Tumba de indio es un libro que recoge crónicas de viaje por diferentes lugares de Ecuador y Colombia; estas tienen un estilo elegante, con una cadencia como de charla, condimentada con referencias eruditas y populares, como las conversaciones entretenidas. Echa mano de una amplia cultura y trae referencias de todo tipo que generan empatía con un lector curioso.
Las diferentes crónicas dejan ver un narrador ilustrado y curioso, interesado al tiempo en el fútbol y la literatura indigenista, en la arquitectura y los usos del país que visita; que no teme reírse de sí mismo ni poner en entredicho las propias ideas y experiencias.
Camilo Jiménez
Fragmento de "Nocturno Quiteño"
Cuando niño, no se me hacía simpática la vecina República del Ecuador. Quizá me molestaba el que, a mis ojos cándidos e iletrados, era su símbolo más visible: una bandera tricolor que se me antojaba como un plagio grosero de la colombiana. Sin embargo, tengo la sospecha de que mi aversión también bebía de una razón mucho más subjetiva: como mi tía monja, hermana de mi padre, trabajaba en una misión de ese país —o por lo menos lo visitaba con frecuencia—, yo lo asociaba con un destino gris y mojigato (¡allí habría cientos de conventos de mujeres con enaguas y miles de servicios de mesa en pasta verdosa!), y con el mismo desgano veía los souvenirs tejidos que ella nos traía desde Otavalo, así como las fotos con indios que saltaban de sus maletas. O quién sabe: posiblemente, lo único que ocurría era que Ecuador me parecía demasiado cercano y pequeño como para ser un país en el pleno sentido del término, y esa medianía me desanimaba. Los países verdaderos eran los que no tocaban con el mío, y una de las pruebas que soportaba tal noción era la pequeña inquina que también me inspiraba Venezuela, república visitada y colonizada por los vecinos simplones —ebanistas y electricistas quincalleros— de mi abuelo materno.

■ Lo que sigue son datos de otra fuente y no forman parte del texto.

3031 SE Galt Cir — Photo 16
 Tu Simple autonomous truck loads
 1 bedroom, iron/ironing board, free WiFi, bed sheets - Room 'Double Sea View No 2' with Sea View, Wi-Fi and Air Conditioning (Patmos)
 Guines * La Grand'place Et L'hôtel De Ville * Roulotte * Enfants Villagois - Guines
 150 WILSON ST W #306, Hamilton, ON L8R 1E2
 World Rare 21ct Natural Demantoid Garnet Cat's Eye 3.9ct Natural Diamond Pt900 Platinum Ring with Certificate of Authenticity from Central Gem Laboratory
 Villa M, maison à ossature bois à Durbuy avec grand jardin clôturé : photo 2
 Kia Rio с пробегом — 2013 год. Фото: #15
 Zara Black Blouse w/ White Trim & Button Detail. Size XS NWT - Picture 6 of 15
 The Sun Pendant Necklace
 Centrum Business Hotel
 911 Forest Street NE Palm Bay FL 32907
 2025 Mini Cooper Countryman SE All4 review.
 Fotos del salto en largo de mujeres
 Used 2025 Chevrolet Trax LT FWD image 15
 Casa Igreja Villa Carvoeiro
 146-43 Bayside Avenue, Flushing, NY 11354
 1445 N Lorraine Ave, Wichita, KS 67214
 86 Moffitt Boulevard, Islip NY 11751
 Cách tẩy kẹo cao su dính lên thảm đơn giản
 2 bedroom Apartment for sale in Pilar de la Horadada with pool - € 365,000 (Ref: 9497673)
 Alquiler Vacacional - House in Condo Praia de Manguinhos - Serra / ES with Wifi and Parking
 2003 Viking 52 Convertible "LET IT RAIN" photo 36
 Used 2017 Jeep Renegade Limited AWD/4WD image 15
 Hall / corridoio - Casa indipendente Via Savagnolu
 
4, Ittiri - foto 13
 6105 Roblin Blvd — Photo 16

Fragmento de "Cuadros Cundiboyacenses"
Sobre los hombros de quien, hoy en día, se empeña en componer relatos de viaje, pesa el lastre de que Homero casi haya inaugurado la literatura occidental con la Odisea; y que en el último cuarto de hora hubiera quien, como Fernando González, escribiera Viaje a pie con el expreso propósito de filosofar. En virtud de tales antecedentes suele esperarse que la narración de un viaje esté preñada de una aventura magnífica —en pocas palabras, que el relato viajero sea al mismo tiempo un cuento o una novela— o de una reflexión particularmente reveladora sobre la condición humana. Se pasa por alto que cuando se viaja tienen lugar otros hechos y procesos, menos hilvanados y menos trascendentales en razón del principio azaroso que rige sobre la excursión, y que solo de modo excepcional cuajan las experiencias que suelen aprovechar los genios y los sabios. En la misma línea de aquellos que exigen a la narración el máximo de expresión, Marcel Proust, en Por el camino de Swann, plantea una disyuntiva aparentemente drástica y, claro, descorazonadora: creía que debía renunciar a su vocación de escritor por sentir que no tenía ningún “asunto filosófico” de qué ocuparse en una “magna obra literaria”, y en consecuencia sentía que debía optar por una vida activa y contemplativa en que todo su interés naciera y muriera en torno de “la silueta de un tejado o el matiz de una piedra”. Sin embargo, esa misma es la redención del relator de viajes que no se siente con músculo de novelista o de filósofo: entender que en lo que el viaje ofrece a la vista, sin premeditación alguna, yacen todas las revelaciones posibles. Iluminado por esa simple rebeldía tomé la pluma y quise, con tranquila fruición, hablar de los tejados y las piedras del viaje que hice con mi familia y un amigo —extensión legítima de la primera— por los departamentos de Cundinamarca y Boyacá en diciembre de 2013.